In 1967 trad de onderneming toe tot de Rijn-Schelde Combinatie, die later opging in het RSV-concern. Van 1973 tot 1987 was de naam BV Machinefabriek Breda. In 1987 werd deze bv gesplitst in drie bv's, Backer & Rueb Breda, Breda Packaging en Machinefabriek Breda.

Activiteiten[bewerken | brontekst bewerken]

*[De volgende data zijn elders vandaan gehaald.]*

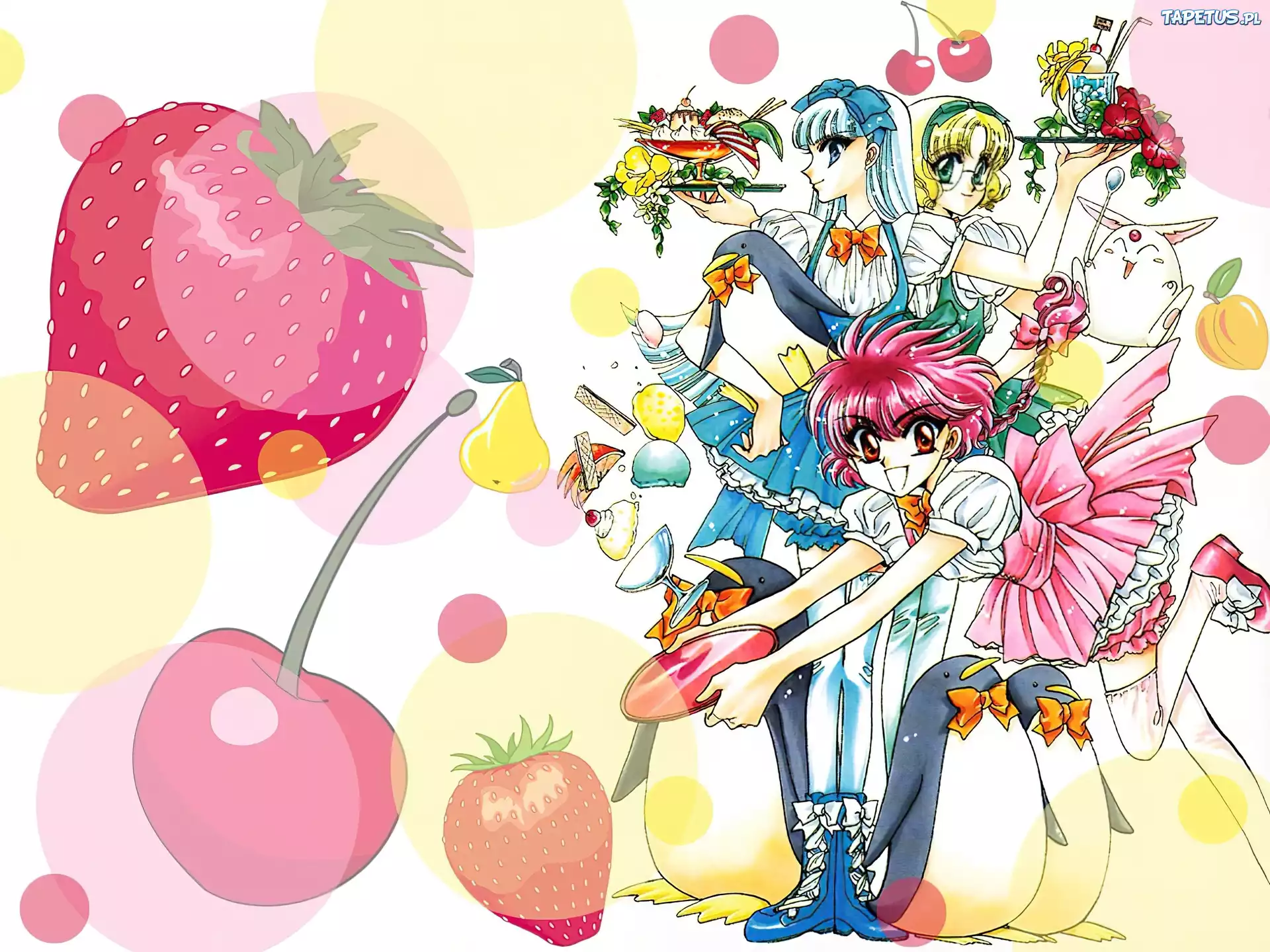 Magic Knight Rayearth, truskawka, ludzie, pluszak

Het bedrijf begon als algemene machinefabriek en ijzergieterij. Het produceerde al gauw stoomketels en stoommachines, naast bijvoorbeeld gietwerk als tuintafels, huismangels, pompwerktuigen en metaalconstructiewerk. Een specialiteit werden de locomobiles, transportabele stoominstallaties. Zowel stoomketels als stoommachines bleven lang een hoofdproduct. Machinefabriek Breda vervaardigde begin 20e eeuw onder meer gelijkstroomstoommachines. In 1910 had men 1200 stoommachines - inclusief de stoomlocomotieven en een 300 locomobilen - en 1700 stoomketels vervaardigd. Naast licenties van buitenlandse vindingen op dit gebied, zoals die voor de La Mont ketel in 1936, werden ook eigen producten ontwikkeld. In de jaren dertig van de 20ste eeuw werd de kleine ketel type H ontwikkeld, vanaf 1947 vervaardigde men de eigen ontwikkelde waterpijpvlamketel type L. De zogenoemde Breda calorifères, verwarmingsketels, waren in Nederland geoctrooieerd. Verder was Breda licentiehouder voor Nederland van het systeem Caliqua voor warmwatervoorziening. Een eenmalig uitstapje buiten de stoomtechniek betrof een in 1913 gedemonstreerde dieselmotor.

Mede om complete bedrijjfsinrichtingen te kunnen leveren trad Breda ook op als vertegenwoordiger van andere machinefabrieken als Gwynne voor centrifugaalpompen en Hodgkins, Neuhaus en Comp voor pulsometers (1877). Een bijzonder karwei betrof een gietijzeren vuurtoren voor Zwaantjes Droogte in 1870.

Vanaf circa 1900 werden ook elektrotechnische apparatuur en installaties gemaakt, van schakelborden en schakelkasten tot elektromotoren en generatoren. In de periode 1925-1929 werden ook X-ray generatoren, voornamelijk voor medische toepassing, voor het Delftse Enraf gefabriceerd. Verder werden in de eerste helft van de 20e eeuw ook industriemachines vervaardigd zoals cacaomolens, houtbereidingsinstallaties, lichtbokken en drijfwerk.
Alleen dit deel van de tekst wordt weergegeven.